3.1. Con il gravame oggi in discussione, il ricorrente lamenta la mancanza dei presupposti di legge e il difetto di motivazione. Tali censure sono destituite di fondamento.
3.2. E' dirimente osservare come le doglianze riguardanti i dedotti vizi di eccesso di potere e violazione di legge siano state articolate con riguardo soltanto alla prima parte della motivazione; cosicché, anche qualora fossero ritenute fondate, non potrebbero sortire alcun effetto concretamente viziante, potendo comunque la determinazione provvedimentale continuare a "reggersi" sulla denunciata omessa custodia delle armi, episodio quest'ultimo (dal ricorrente non contestato né in sede procedimentale né in sede processuale) di per sé necessario e sufficiente ai fini del diniego. Ritiene il Collegio, infatti, che la constatazione della custodia delle proprie armi in modo inidoneo ad impedire che altri se ne appropriasse è adeguata motivazione del provvedimento di ricusazione del porto d'armi, dovendo le armi, secondo espressa disposizione di legge, essere adeguatamente custodite onde evitare che soggetti non autorizzati possano entrarne in possesso. Del resto, corrisponde a precetto di elementare prudenza e comune esperienza la regola non lasciare le armi in posti facilmente accessibili e privi di qualunque cautela che impedisca (o quantomeno renda difficoltoso) a terzi di sottrarle. È per ciò del tutto ragionevole inferire da ciò il pericolo (cioè la possibilità concreta) di abuso nel corretto utilizzo delle armi.

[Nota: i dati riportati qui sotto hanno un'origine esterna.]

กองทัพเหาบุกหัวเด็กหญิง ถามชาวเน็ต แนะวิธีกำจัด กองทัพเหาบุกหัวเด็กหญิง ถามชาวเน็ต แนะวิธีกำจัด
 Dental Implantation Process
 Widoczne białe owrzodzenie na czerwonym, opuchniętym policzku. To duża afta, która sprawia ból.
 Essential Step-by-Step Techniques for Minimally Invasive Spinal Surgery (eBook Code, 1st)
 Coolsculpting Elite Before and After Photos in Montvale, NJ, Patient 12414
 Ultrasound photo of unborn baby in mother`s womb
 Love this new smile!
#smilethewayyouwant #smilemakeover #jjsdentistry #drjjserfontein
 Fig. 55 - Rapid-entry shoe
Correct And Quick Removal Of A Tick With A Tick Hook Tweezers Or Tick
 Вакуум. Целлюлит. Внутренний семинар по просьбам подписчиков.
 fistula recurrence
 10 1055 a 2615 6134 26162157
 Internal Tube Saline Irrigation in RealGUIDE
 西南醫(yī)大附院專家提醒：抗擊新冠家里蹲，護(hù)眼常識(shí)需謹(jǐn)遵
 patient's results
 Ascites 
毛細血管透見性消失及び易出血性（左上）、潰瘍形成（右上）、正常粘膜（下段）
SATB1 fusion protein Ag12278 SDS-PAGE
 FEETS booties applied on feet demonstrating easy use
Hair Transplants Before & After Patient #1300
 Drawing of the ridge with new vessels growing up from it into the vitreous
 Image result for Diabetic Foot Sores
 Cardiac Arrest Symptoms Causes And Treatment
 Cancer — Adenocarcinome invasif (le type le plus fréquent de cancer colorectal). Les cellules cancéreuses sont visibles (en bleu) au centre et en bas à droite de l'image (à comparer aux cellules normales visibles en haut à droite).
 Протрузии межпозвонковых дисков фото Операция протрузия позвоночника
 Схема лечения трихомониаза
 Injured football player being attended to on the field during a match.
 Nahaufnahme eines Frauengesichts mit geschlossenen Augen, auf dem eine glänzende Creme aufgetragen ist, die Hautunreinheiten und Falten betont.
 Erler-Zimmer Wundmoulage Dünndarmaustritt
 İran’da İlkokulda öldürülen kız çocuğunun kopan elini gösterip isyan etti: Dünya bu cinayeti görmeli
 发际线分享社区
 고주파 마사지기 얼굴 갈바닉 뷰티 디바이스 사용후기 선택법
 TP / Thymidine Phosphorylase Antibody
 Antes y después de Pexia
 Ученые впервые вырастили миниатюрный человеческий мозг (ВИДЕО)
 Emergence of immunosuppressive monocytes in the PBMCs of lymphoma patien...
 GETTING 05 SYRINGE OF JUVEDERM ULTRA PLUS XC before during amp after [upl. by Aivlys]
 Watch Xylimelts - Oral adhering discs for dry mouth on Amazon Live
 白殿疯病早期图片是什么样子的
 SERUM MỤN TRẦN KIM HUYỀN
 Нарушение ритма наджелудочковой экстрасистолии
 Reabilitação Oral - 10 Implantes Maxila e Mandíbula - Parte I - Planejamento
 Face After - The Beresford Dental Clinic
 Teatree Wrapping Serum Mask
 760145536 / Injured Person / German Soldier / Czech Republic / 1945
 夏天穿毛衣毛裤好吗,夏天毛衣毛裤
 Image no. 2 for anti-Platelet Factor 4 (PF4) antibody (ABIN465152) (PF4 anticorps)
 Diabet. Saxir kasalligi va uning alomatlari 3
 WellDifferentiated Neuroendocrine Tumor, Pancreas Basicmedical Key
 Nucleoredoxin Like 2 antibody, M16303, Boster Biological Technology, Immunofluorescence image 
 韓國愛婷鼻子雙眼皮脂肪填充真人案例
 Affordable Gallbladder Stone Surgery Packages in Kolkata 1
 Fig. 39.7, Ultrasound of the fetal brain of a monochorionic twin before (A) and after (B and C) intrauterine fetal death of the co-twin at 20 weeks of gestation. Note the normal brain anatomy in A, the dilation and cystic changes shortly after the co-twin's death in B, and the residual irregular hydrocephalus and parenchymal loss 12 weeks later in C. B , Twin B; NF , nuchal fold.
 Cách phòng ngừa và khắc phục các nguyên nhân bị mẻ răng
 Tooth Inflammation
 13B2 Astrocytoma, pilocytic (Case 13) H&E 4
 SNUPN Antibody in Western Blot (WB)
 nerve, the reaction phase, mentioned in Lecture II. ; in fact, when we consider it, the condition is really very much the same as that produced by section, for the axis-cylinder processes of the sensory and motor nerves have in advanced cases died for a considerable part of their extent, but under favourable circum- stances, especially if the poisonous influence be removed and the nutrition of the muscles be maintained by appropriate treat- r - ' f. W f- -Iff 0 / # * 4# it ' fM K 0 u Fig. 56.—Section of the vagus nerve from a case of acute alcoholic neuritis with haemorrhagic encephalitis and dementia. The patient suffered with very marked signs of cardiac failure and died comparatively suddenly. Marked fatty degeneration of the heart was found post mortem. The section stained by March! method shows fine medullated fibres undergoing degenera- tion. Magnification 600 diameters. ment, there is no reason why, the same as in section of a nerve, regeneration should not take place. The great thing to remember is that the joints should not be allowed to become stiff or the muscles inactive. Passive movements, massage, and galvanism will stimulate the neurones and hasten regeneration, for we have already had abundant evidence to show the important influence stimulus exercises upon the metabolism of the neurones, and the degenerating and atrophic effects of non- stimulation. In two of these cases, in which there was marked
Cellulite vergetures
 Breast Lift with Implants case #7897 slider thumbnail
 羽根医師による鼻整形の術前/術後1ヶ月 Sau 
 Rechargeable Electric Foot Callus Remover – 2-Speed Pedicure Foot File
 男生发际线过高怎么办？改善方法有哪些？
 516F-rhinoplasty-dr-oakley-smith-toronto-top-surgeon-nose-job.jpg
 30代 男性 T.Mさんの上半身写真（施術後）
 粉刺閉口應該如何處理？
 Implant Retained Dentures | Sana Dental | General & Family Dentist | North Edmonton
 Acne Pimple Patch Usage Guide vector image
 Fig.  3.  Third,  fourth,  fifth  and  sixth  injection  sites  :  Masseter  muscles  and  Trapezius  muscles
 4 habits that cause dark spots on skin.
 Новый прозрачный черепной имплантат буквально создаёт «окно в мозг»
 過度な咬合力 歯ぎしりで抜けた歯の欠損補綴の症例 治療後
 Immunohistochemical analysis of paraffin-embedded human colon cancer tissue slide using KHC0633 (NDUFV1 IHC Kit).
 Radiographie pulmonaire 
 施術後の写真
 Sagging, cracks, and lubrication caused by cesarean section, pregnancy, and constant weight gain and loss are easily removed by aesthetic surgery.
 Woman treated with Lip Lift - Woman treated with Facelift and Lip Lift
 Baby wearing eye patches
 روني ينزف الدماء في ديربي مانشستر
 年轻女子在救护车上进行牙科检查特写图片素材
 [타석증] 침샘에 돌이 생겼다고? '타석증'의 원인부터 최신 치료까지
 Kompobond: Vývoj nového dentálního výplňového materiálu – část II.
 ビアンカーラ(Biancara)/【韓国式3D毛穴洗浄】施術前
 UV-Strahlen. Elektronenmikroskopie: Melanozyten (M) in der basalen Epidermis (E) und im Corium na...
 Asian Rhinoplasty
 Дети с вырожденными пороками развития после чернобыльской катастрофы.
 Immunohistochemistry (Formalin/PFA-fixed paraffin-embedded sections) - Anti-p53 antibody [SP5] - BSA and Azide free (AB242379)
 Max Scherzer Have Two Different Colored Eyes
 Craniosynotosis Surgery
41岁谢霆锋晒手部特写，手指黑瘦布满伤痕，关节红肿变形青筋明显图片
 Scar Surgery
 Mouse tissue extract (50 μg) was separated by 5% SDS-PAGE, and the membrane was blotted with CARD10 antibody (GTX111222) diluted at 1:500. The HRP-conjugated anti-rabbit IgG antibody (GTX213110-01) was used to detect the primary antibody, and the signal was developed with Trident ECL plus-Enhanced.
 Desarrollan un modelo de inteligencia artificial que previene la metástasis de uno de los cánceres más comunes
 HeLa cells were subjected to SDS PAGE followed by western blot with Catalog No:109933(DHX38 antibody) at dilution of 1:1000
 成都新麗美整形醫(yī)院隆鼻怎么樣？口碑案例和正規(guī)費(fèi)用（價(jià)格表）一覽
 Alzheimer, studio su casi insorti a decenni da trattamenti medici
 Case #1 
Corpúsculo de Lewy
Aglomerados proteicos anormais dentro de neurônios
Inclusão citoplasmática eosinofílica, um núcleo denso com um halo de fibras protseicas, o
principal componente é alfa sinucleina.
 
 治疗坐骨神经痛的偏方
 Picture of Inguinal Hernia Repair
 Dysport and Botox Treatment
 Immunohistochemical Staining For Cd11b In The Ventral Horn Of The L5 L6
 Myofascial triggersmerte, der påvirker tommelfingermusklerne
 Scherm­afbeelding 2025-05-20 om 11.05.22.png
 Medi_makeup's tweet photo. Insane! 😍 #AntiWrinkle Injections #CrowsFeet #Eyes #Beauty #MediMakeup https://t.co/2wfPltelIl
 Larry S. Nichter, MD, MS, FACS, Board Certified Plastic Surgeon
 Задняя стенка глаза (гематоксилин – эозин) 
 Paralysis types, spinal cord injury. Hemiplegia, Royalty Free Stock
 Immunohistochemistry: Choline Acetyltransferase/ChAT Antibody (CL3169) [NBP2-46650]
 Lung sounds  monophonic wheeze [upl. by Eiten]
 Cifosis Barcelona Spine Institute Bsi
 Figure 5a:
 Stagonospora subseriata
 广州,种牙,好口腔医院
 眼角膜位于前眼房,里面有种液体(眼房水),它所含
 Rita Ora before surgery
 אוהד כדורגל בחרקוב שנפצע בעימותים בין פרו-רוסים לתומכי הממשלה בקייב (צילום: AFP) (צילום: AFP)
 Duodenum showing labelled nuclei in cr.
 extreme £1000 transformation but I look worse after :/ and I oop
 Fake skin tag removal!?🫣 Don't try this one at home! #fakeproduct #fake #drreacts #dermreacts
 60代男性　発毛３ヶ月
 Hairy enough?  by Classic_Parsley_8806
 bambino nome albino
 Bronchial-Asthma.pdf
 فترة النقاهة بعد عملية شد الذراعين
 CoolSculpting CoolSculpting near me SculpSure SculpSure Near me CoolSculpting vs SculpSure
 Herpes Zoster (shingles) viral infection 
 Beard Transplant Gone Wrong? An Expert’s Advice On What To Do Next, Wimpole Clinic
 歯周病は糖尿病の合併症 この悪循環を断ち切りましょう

3.3. Ne consegue che il provvedimento impugnato, nella misura in cui contiene un esplicito riferimento alla denuncia inoltrata dai Carabinieri, risulta adeguatamente motivato, nonché emanato in esito ad una corretta ed adeguata istruttoria.
4. Le spese di lite seguono la soccombenza, come di norma.
P.Q.M.
Il Tribunale Amministrativo Regionale per la Lombardia (Sezione Terza), definitivamente pronunciando sul ricorso, come in epigrafe proposto:
RIGETTA il ricorso;
CONDANNA il ricorrente al pagamento delle spese di lite in favore dell'amministrazione resistente che si liquida in Euro 800,00, oltre IVA e CPA come per legge.
Ordina che la presente sentenza sia eseguita dall'autorità amministrativa.